Summer Pictures

From Copenhagen to Venice. By HENRY M. FIELD, Author of" The Irish Confederates and the Rebellion of 1798.” New York : Sheldon, Blakeman & Co. Boston: Gould & Lincoln. 1859.

THE unpretending title to this neat volume expresses the modest purpose of the writer. Escaping from care and responsibility, he has made a rapid tour through parts of Europe, some of which are rarely frequented;—from London to Normandy; thence to Paris, Holland, Denmark; through the Baltic to Berlin, Dresden, Prague, and Vienna; thence to the Adriatic, Venice, Milan, and so round again to Paris.

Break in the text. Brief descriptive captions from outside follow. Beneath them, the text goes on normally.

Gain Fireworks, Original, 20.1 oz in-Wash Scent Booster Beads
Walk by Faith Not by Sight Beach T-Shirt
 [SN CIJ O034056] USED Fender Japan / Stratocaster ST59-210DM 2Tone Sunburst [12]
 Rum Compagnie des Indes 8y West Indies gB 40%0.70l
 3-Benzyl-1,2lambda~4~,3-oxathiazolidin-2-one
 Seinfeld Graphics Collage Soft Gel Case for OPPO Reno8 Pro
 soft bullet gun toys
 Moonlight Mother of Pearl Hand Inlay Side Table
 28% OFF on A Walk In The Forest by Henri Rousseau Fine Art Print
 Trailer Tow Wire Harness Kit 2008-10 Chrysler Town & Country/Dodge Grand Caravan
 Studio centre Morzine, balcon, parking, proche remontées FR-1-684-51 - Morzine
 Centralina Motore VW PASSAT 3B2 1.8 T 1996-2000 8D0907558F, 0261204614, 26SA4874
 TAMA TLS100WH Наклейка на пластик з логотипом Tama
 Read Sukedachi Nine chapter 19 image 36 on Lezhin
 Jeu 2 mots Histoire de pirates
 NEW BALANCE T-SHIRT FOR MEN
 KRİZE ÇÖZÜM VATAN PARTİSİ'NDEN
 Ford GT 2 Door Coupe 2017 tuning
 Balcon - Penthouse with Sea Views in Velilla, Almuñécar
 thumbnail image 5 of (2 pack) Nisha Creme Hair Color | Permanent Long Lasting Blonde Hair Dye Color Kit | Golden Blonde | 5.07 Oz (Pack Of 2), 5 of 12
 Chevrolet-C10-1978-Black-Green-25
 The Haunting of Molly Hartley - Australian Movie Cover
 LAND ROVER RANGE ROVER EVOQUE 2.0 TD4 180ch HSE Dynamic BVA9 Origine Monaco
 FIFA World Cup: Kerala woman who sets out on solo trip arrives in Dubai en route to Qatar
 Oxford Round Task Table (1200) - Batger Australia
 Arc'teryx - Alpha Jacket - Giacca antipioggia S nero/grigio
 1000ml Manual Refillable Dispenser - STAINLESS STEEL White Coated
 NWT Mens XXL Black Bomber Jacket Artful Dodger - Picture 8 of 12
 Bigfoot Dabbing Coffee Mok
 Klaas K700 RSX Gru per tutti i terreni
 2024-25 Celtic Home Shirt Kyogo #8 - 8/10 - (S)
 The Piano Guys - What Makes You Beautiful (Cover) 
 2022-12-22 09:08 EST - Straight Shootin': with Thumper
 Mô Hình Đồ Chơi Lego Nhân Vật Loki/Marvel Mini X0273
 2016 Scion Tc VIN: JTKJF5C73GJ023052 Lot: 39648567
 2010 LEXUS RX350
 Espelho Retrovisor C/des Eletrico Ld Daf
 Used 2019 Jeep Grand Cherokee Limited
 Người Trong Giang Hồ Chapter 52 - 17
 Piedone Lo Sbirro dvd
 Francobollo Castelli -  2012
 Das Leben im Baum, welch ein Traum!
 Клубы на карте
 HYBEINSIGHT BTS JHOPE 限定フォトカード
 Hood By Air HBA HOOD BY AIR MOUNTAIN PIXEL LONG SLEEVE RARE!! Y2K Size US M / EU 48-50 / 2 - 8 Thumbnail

To see all this with new eyes, and to present the world with a perfectly fresh book of " Travels in Europe,” requires a rare man and a rare audacity; and we congratulate Mr. Field that he has not attempted the doubtful task. But, in his rapid run, he has gathered a flower here, a specimen there, a bit of history, a sight of a man, a pebble from the Baltic, a moss from Venice, a sigh from the heart of Italy, a word of hope and happiness from the domestic life of France. He has seen the cloud rising in Italy, and ventures to hope, almost against possibility. He has seen the firesides and homes of France, and assures us that in Paris, too, exist honest and warm and pure hearts, and generous and holy souls, and that all France is not a den in which liars and charlatans only struggle and tear one another. Mr. Field looks at things with somewhat of a professional eye, and draws what encouragement he can for the future of the Protestant religion. His facts and speculations will thus interest a large and valuable class of readers, while to some few of another class a certain suspicion of prosiness will be distasteful. The volume is well prepared, and we are sure that the manly, generous sentiments of the writer will be welcomed by a large number of personal friends, and by a discriminating public.